Mailing List Archive

Correct usage of synonyms with Japanese
Hello,

I'm working on a project that involves search in Japanese and uses
synonyms. The Japanese tokenizer creates an analysis graph, but the
SynonymGraphFilter states it cannot take a graph as input. After a few
tests I've seen it can create some unusual outputs if given a graph as
input. The SynonymFilter is marked deprecated, and has documentation
pointing out it doesn't handle multiple synonym paths correctly.

My question is what is the 'correct' way to handle synonyms with Japanese
in Lucene? should the graph be flattened before the SynonymGraphFilter,
then flattened again after? This seems extra lossy. Is the correct answer
to make SynonymGraphFilter accept graphs as inputs? is there another option
that I'm missing?

thanks,
Geoff
Re: Correct usage of synonyms with Japanese [ In reply to ]
Hi Geoffrey,

[.Disclaimer: Geoffrey and I both work at Amazon on customer-facing product
search]

We absolutely must get SynonymGraphFilter consuming input graphs! This is
just a (serious) bug in it! But it's just software, let's fix it :) That
is clearly the right fix, it is just rather fun and challenging. But it is
doable. Could you open an issue? I thought we had one for this but cannot
find it now.

I think you are using Kuromoji Japanese tokenizer? Which produces nice
looking graphs right from the get-go (tokenizer), with compound words also
properly decompounded so both options are indexed/searched.

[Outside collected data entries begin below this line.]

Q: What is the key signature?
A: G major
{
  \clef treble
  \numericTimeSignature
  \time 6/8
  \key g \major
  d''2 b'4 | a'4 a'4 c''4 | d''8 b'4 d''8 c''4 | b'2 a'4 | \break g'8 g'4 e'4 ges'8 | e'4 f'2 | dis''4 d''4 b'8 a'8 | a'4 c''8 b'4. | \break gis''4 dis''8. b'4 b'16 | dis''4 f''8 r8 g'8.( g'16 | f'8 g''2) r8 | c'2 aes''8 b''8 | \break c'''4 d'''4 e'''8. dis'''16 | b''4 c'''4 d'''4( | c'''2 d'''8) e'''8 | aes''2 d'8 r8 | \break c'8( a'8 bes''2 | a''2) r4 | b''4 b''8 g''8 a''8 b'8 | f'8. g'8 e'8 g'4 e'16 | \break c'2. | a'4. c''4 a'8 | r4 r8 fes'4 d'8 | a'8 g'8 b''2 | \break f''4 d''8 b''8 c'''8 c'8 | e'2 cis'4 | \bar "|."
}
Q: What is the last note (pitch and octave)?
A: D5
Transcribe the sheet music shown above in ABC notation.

History: we created SynonymGraphFilter, along with other important
QueryParser (e.g. http://issues.apache.org/jira/browse/LUCENE-7603) and
Query improvements, to get multi-term synonyms working correctly, finally
in Lucene. With the old SynonymFilter, positional queries involving
multi-term synonyms would have both false positive and false negative hits
... I tried to explain the messy situation here:
http://blog.mikemccandless.com/2012/04/lucenes-tokenstreams-are-actually.html

And, finally, with SynonymGraphFilter, used only at search time, and with
tokens consumed by a QueryParser that knows how to turn graphs into correct
positional queries, those bugs are finally fixed -- multi-term synonyms
work correctly.

When used during indexing, SynonymGraphFilter must eventually be followed
by FlattenGraphFilter, because Lucene's index does not store the posLength
attribute of each token. I.e., the graph is lost anyways during indexing,
so FlattenGraphFilter tries to flatten the graph in the most
information-preserving way (but still loses information, resulting in false
positive/negative hits for positional queries).

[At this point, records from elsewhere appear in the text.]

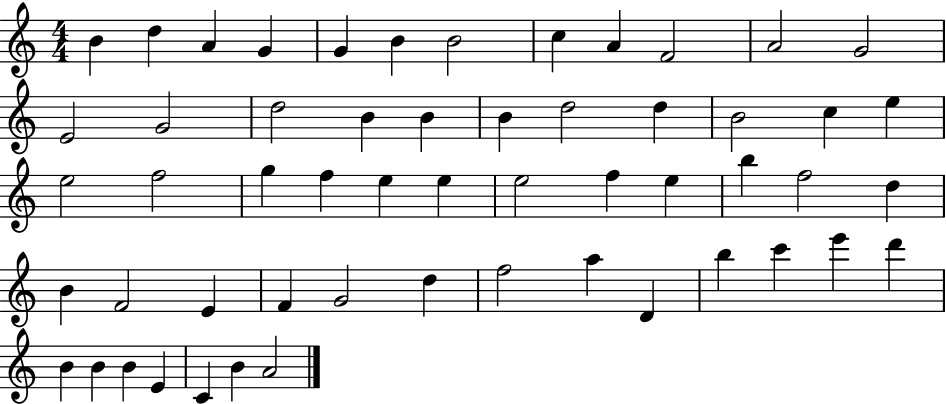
B4/q D5/q A4/q G4/q G4/q B4/q B4/h C5/q A4/q F4/h A4/h G4/h E4/h G4/h D5/h B4/q B4/q B4/q D5/h D5/q B4/h C5/q E5/q E5/h F5/h G5/q F5/q E5/q E5/q E5/h F5/q E5/q B5/q F5/h D5/q B4/q F4/h E4/q F4/q G4/h D5/q F5/h A5/q D4/q B5/q C6/q E6/q D6/q B4/q B4/q B4/q E4/q C4/q B4/q A4/h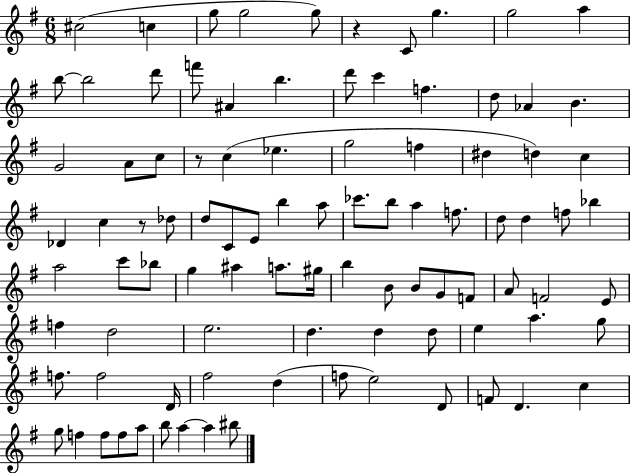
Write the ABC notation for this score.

X:1
T:Untitled
M:6/8
L:1/4
K:G
^c2 c g/2 g2 g/2 z C/2 g g2 a b/2 b2 d'/2 f'/2 ^A b d'/2 c' f d/2 _A B G2 A/2 c/2 z/2 c _e g2 f ^d d c _D c z/2 _d/2 d/2 C/2 E/2 b a/2 _c'/2 b/2 a f/2 d/2 d f/2 _b a2 c'/2 _b/2 g ^a a/2 ^g/4 b B/2 B/2 G/2 F/2 A/2 F2 E/2 f d2 e2 d d d/2 e a g/2 f/2 f2 D/4 ^f2 d f/2 e2 D/2 F/2 D c g/2 f f/2 f/2 a/2 b/2 a a ^b/2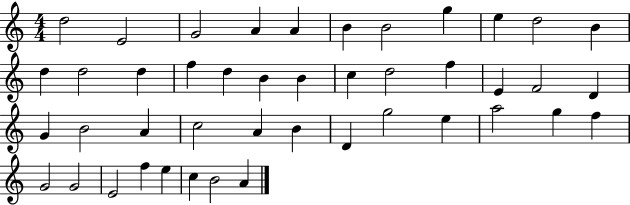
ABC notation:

X:1
T:Untitled
M:4/4
L:1/4
K:C
d2 E2 G2 A A B B2 g e d2 B d d2 d f d B B c d2 f E F2 D G B2 A c2 A B D g2 e a2 g f G2 G2 E2 f e c B2 A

Anyways, until we fix this, feeding a graph to SynonymGraphFilter will
indeed mess up its output in weird ways.

This problem has come up several times recently, e.g.
https://issues.apache.org/jira/browse/LUCENE-9173 and
https://issues.apache.org/jira/browse/LUCENE-9123. There is also the more
revolutionary https://issues.apache.org/jira/browse/LUCENE-5012 but that is
too ambitious for this "small bug", I think.

SynonymGraphFilter also struggles with holes, since they might break the
token graph into two: https://issues.apache.org/jira/browse/LUCENE-8985

For short term workarounds, some possible ideas:

* I think Kuromoji has an option to NOT produce the compounds/graph
output? It has an indexing and searching mode. That might be one
workaround, if maybe you could maybe then move the compounding into
SynonymGraphFilter? I'm not sure that is possible, in general, since
Kuromoji is using more powerful information (dictionary) to make its graph
choices.

* Use FlattenGraphFilter immediately before SynonymGraphFilter, and then
again at the end of your analysis chain. This loses information, since all
tokens are "squashed" onto one another, and we could no longer tell which
sequence of tokens corresponded to which compound word, and it might mean
some synonyms fail to apply when they should have.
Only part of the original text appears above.